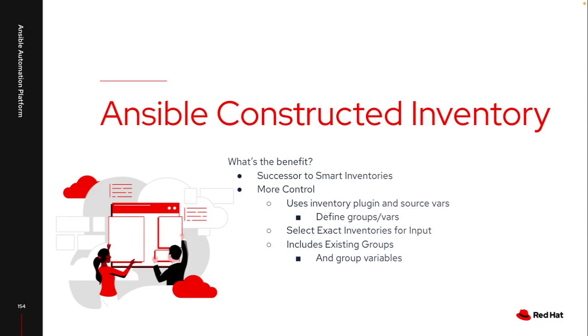It leverages that same inventory plugin source variable nature that you're used to with all of the other dynamic inventories that exist today. This lets you define the specific groups that you create in addition to the ones that already exist in those inventories, as well as compose specific variables as you go through this process.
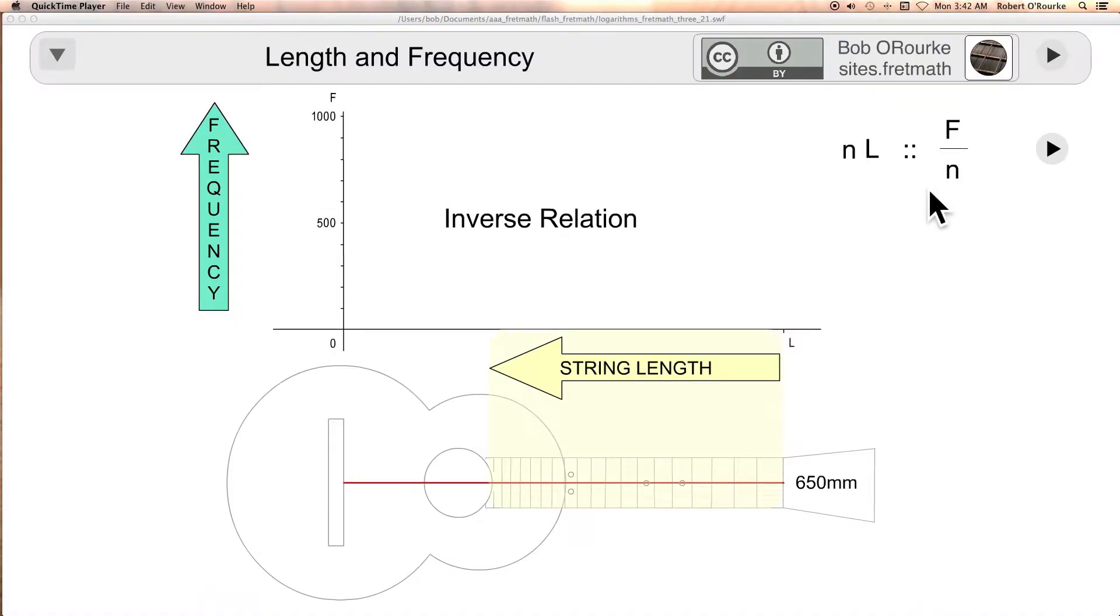A string length and frequency are inverse to one another. As the string length gets shorter, the frequency will increase. For the proportion in the upper right, n is a fraction of the starting string length.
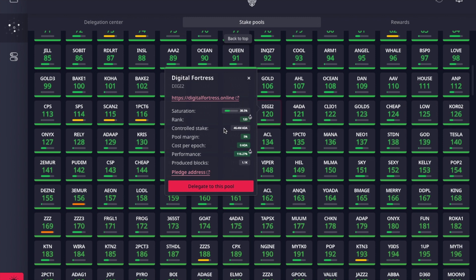Those are some key things to look for when choosing which stake pool to delegate to. Once you've decided, click 'Delegate to This Pool' and you'll be given the prompts to assign your stake to that particular pool. I won't do that here since I've already chosen my stake pool, but that's what you'd want to do. Once done, you'll start earning passive ADA and your rewards will update in your rewards wallet balance.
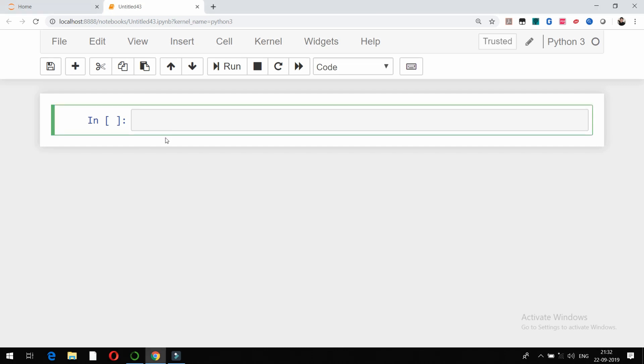Hello, in this video we are going to see how to convert text into speech or audio. For that, I have already downloaded a package called pyttsx3, so I am going to import this package.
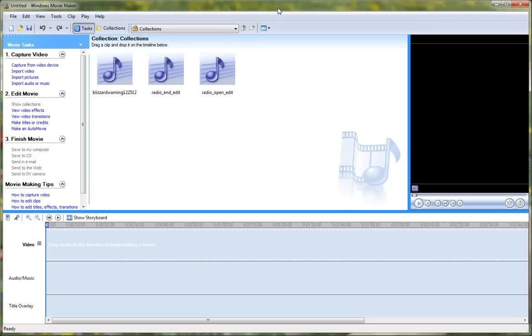Hey guys, it's EAS3964 here, and as promised, I am going to make a tutorial on how to make an EAS warning with Windows Movie Maker.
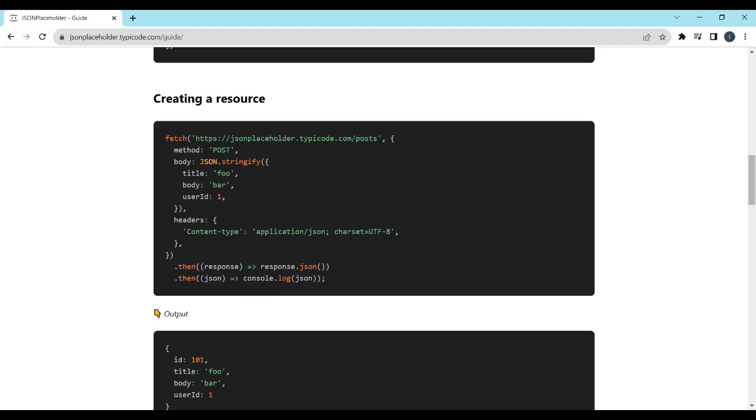Now, let's move on to POST requests. Think of this as sending data to the server to create something new. We'll simulate creating a new POST using the JSON Placeholder API. In this example, we're sending a POST request to the API to create a new POST.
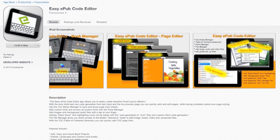We've got the Easy EPUB code editor at 14 euros to buy. I think it's a bit expensive, but it does look like it does everything. I wouldn't mind giving it a try, but I think I might just wait and see if it comes out on sale sometime and buy it a whole lot cheaper, because I'm not going to buy it at that price.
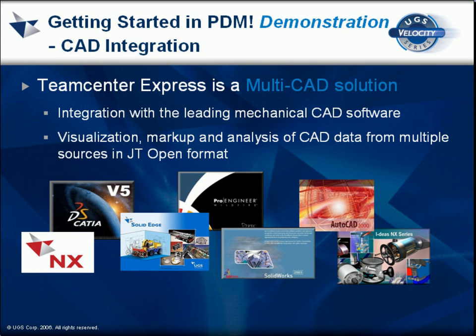In addition to the Solid Edge integration, it's important to note that Teamcenter Express is a true multi-CAD solution that supports integration with a wide range of CAD systems.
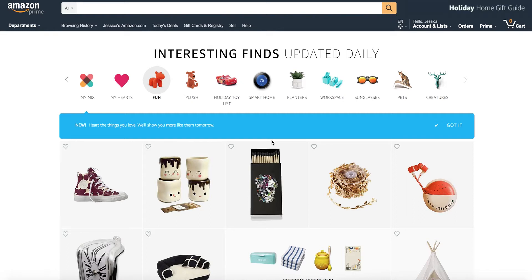Hi everyone, this is Jessica with Price Yak and today I'm going to show you how to enable two-factor authentication on your Amazon account.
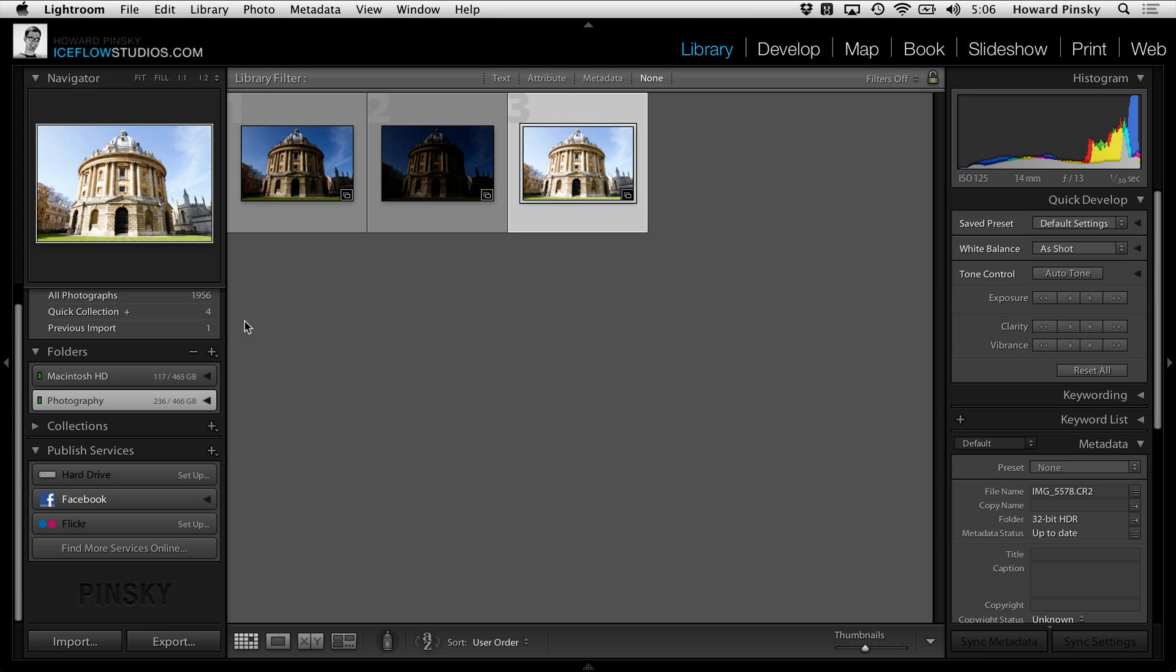Hey everyone, Howard Pinsky here from IceFlowStudios.com with a cross application tutorial. Today I'm going to be showing you how Adobe Photoshop Lightroom 4.1 and Adobe Photoshop CS6 can work hand in hand to produce stunning HDR images.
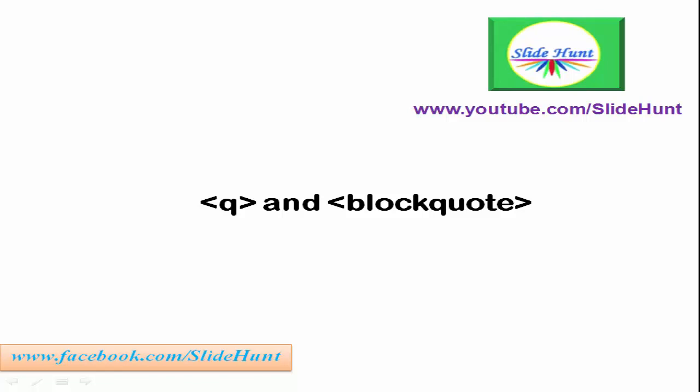Hello friends, welcome to Slider. Today in this lesson we will learn about qtag and blockquote.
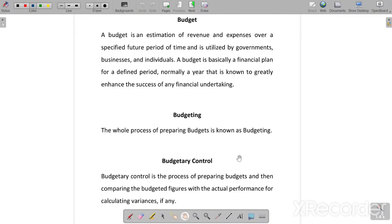Hello students, this is Dr. Shikha Gupta. Welcome to my channel Commerce Classes. Today we are starting Budget, Budgeting, and Budgetary Control — three terms.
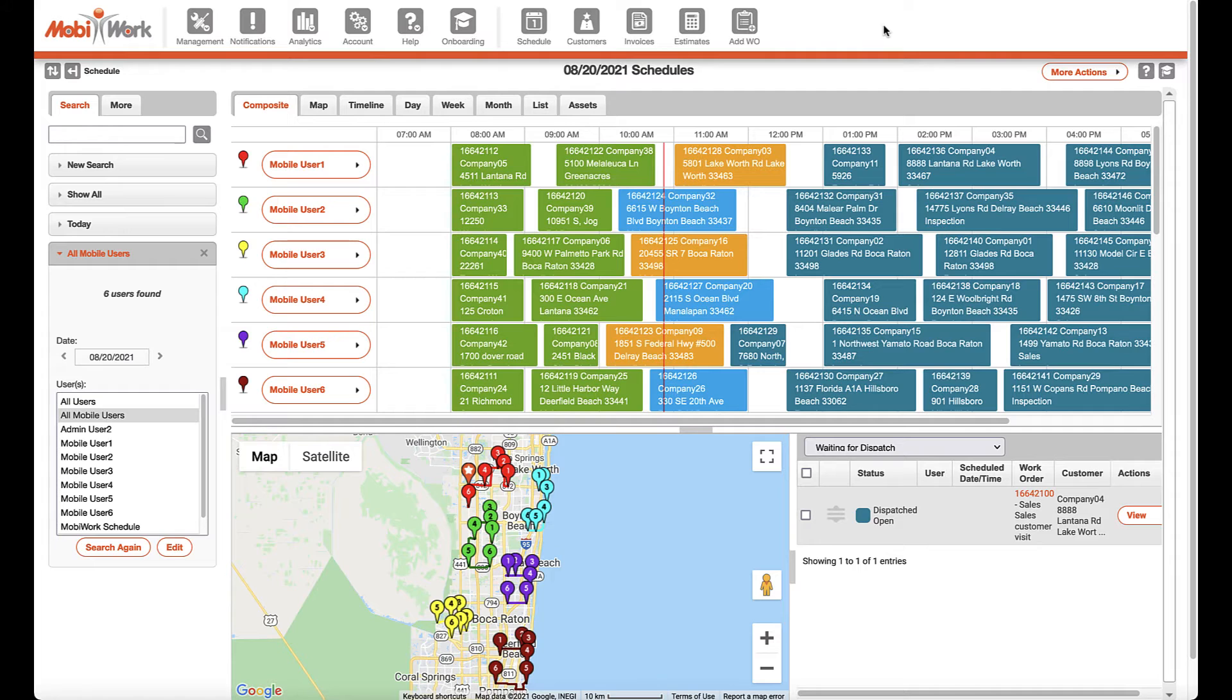With MobiWork, managing schedules and keeping track of your field operations has never been so easy.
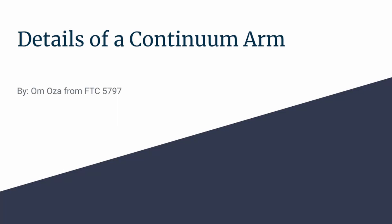Hey everyone, how are you doing today? This is Omoza from Team 5795, Back to Drawing Board, and I'm here with another video going over a build I did recently on a device called a Continuum Arm.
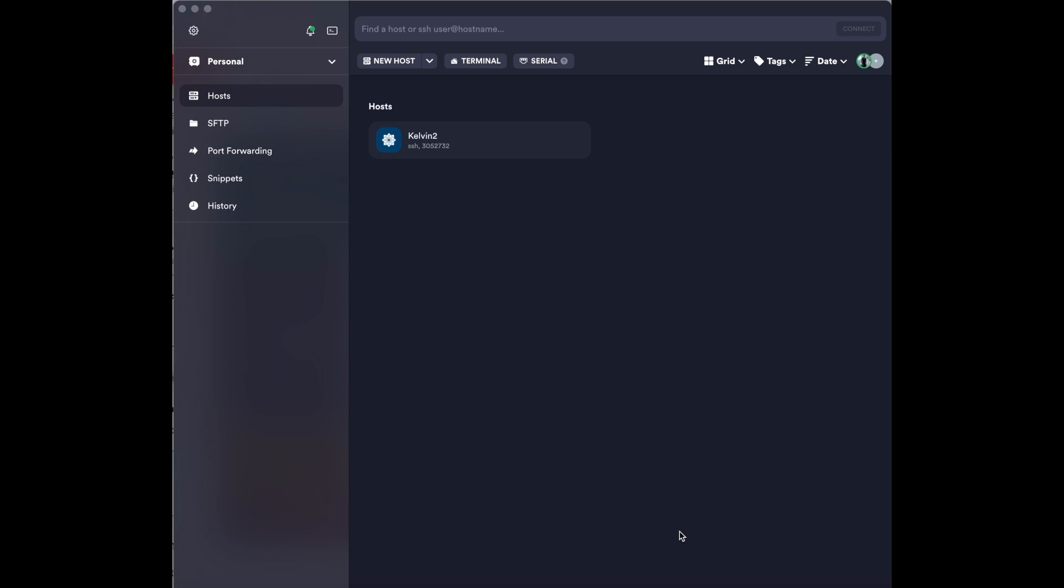Hi, my name is James and I am a member of the NIHPC team. Today I will be showing you how to set up multi-factor authentication on Kelvin2.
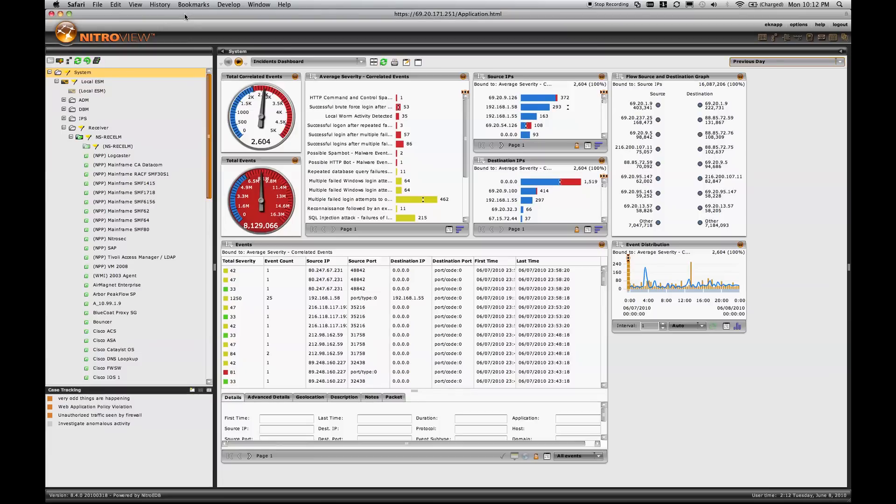Hi, this is Eric Knapp with Nitro Security. I'm going to do a short demonstration on NitroView Enterprise Security Manager, version 8.4, specific to detecting data loss.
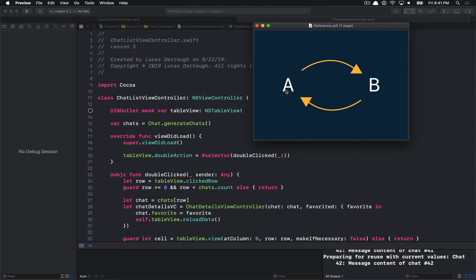If object A gets dismissed, nobody else holds onto A anymore. That means its retain count goes to zero, and it can release any objects it holds onto, and everything gets cleaned up. The case we're trying to debug today involves chains of objects that all have strong references in a cycle like this.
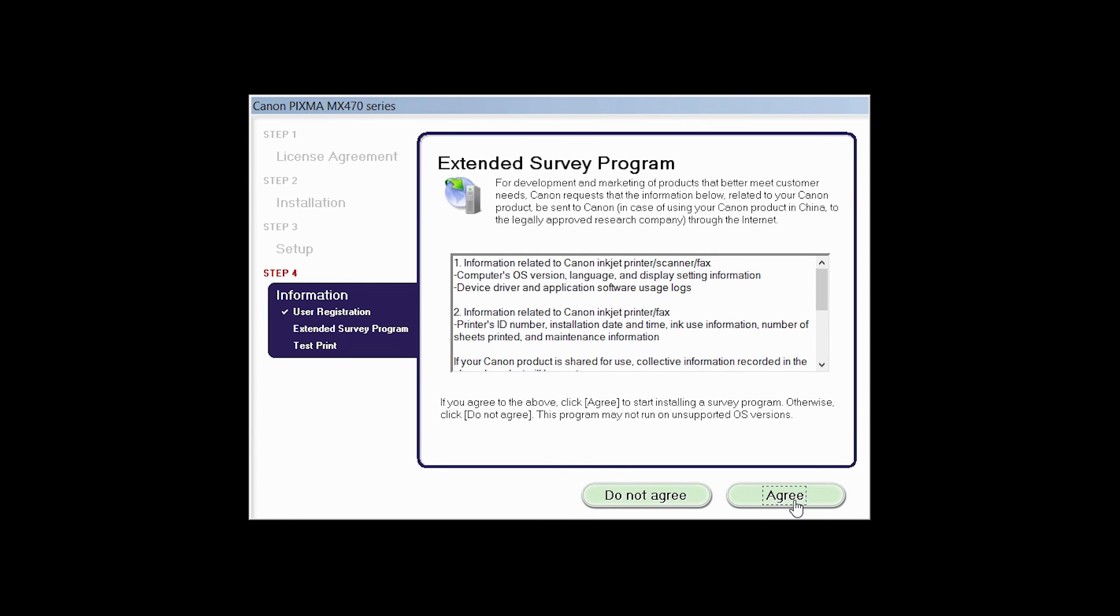An Extended Survey Program screen will appear. This optional program is used for the development and marketing of Canon products so they will better meet our customers' needs. If you agree to participate in the Extended Survey Program, click Agree. If you click Do Not Agree, the Extended Survey Program will not be installed.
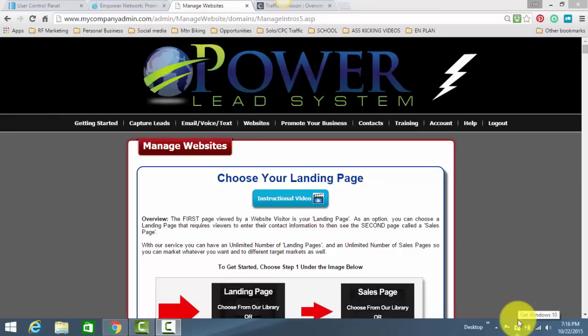Rob Frazier here. In this short video, I'm going to talk about where to get your links and how to program them in the Power Lead System.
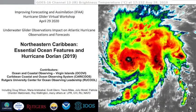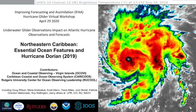I'd like to introduce our final speaker today, Doug Wilson. Doug's with the Ocean and Coastal Observing Virgin Islands, or OCOVE, and today he'll be talking about the northeastern Caribbean, specifically focusing on Hurricane Dorian and some of the essential ocean features in the region. Doug, I'll pull up your presentation here — go ahead and start when you're ready.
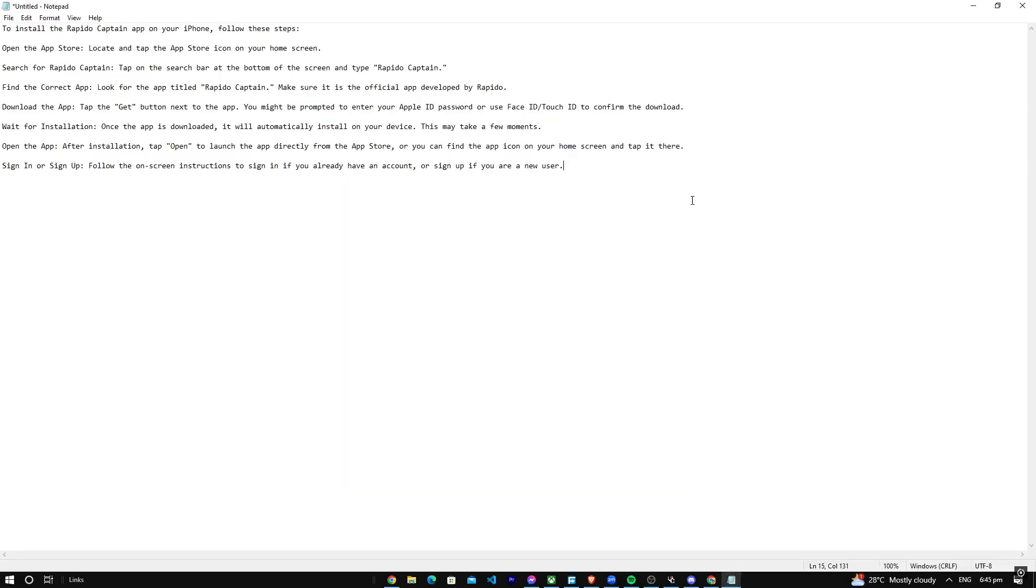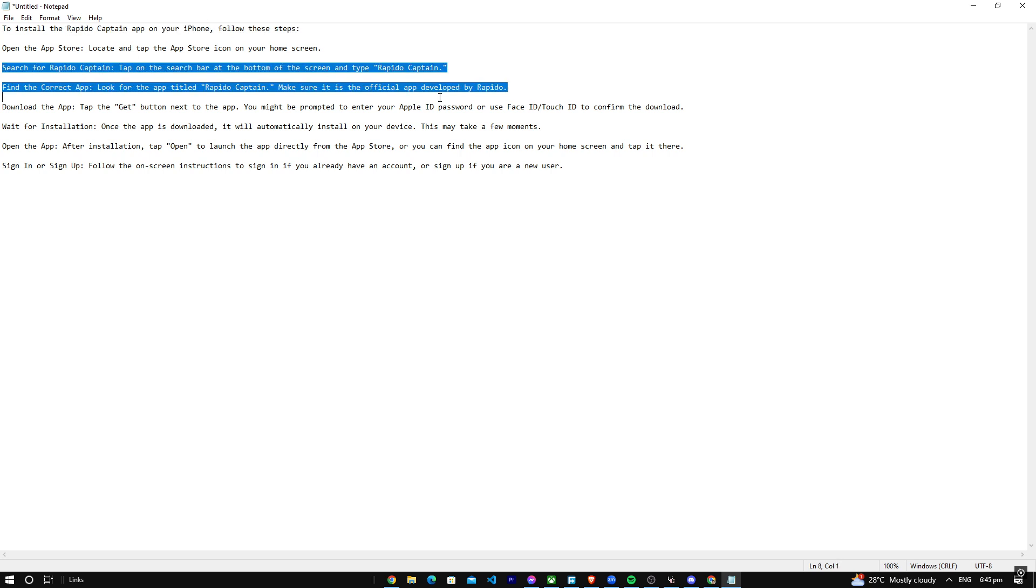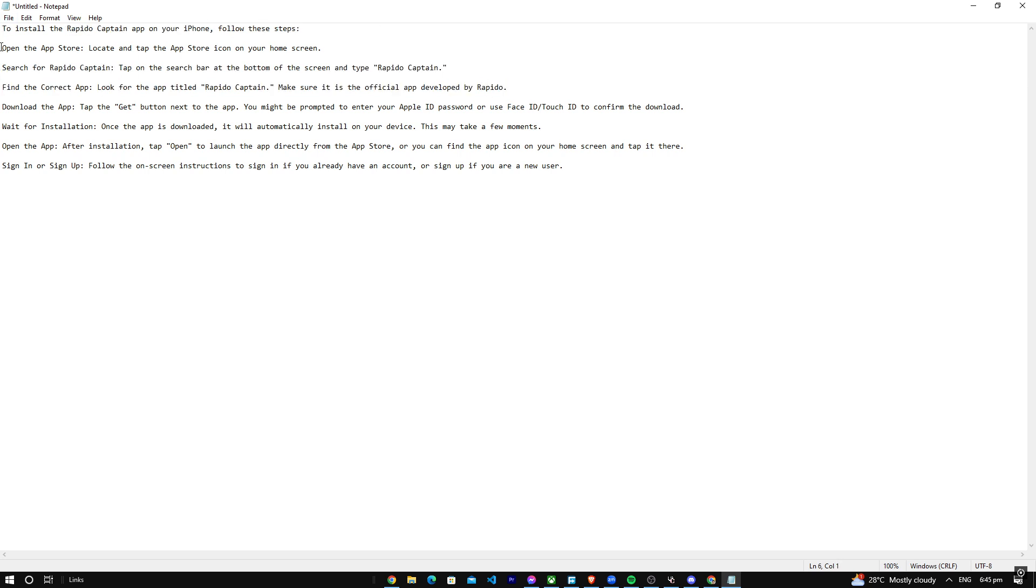Hello everybody, welcome back to another how-to tutorial. Today I'm going to teach you how you can install Rapido Captain app on your iPhone. Just follow these steps.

* **TASK STATEMENT**
Although the records include pictures, the copy should reproduce every line exactly and none of the pictures.

* **ANSWER SPACE**
It leverages that same inventory plugin source variable nature that you're used to with all of the other dynamic inventories that exist today. This lets you define the specific groups that you create in addition to the ones that already exist in those inventories, as well as compose specific variables as you go through this process.
A string length and frequency are inverse to one another. As the string length gets shorter, the frequency will increase. For the proportion in the upper right, n is a fraction of the starting string length.
Those are some key things to look for when choosing which stake pool to delegate to. Once you've decided, click 'Delegate to This Pool' and you'll be given the prompts to assign your stake to that particular pool. I won't do that here since I've already chosen my stake pool, but that's what you'd want to do. Once done, you'll start earning passive ADA and your rewards will update in your rewards wallet balance.
Hello, in this video we are going to see how to convert text into speech or audio. For that, I have already downloaded a package called pyttsx3, so I am going to import this package.
Hey guys, it's EAS3964 here, and as promised, I am going to make a tutorial on how to make an EAS warning with Windows Movie Maker.
Now, let's move on to POST requests. Think of this as sending data to the server to create something new. We'll simulate creating a new POST using the JSON Placeholder API. In this example, we're sending a POST request to the API to create a new POST.
We've got the Easy EPUB code editor at 14 euros to buy. I think it's a bit expensive, but it does look like it does everything. I wouldn't mind giving it a try, but I think I might just wait and see if it comes out on sale sometime and buy it a whole lot cheaper, because I'm not going to buy it at that price.
In addition to the Solid Edge integration, it's important to note that Teamcenter Express is a true multi-CAD solution that supports integration with a wide range of CAD systems.
Hi everyone, this is Jessica with Price Yak and today I'm going to show you how to enable two-factor authentication on your Amazon account.
Hey everyone, Howard Pinsky here from IceFlowStudios.com with a cross application tutorial. Today I'm going to be showing you how Adobe Photoshop Lightroom 4.1 and Adobe Photoshop CS6 can work hand in hand to produce stunning HDR images.
Hello friends, welcome to Slider. Today in this lesson we will learn about qtag and blockquote.
Hello students, this is Dr. Shikha Gupta. Welcome to my channel Commerce Classes. Today we are starting Budget, Budgeting, and Budgetary Control — three terms.
With MobiWork, managing schedules and keeping track of your field operations has never been so easy.
Hey everyone, how are you doing today? This is Omoza from Team 5795, Back to Drawing Board, and I'm here with another video going over a build I did recently on a device called a Continuum Arm.
Hi, my name is James and I am a member of the NIHPC team. Today I will be showing you how to set up multi-factor authentication on Kelvin2.
Hi, this is Eric Knapp with Nitro Security. I'm going to do a short demonstration on NitroView Enterprise Security Manager, version 8.4, specific to detecting data loss.
If object A gets dismissed, nobody else holds onto A anymore. That means its retain count goes to zero, and it can release any objects it holds onto, and everything gets cleaned up. The case we're trying to debug today involves chains of objects that all have strong references in a cycle like this.
An Extended Survey Program screen will appear. This optional program is used for the development and marketing of Canon products so they will better meet our customers' needs. If you agree to participate in the Extended Survey Program, click Agree. If you click Do Not Agree, the Extended Survey Program will not be installed.
Rob Frazier here. In this short video, I'm going to talk about where to get your links and how to program them in the Power Lead System.
I'd like to introduce our final speaker today, Doug Wilson. Doug's with the Ocean and Coastal Observing Virgin Islands, or OCOVE, and today he'll be talking about the northeastern Caribbean, specifically focusing on Hurricane Dorian and some of the essential ocean features in the region. Doug, I'll pull up your presentation here — go ahead and start when you're ready.
Hello everybody, welcome back to another how-to tutorial. Today I'm going to teach you how you can install Rapido Captain app on your iPhone. Just follow these steps.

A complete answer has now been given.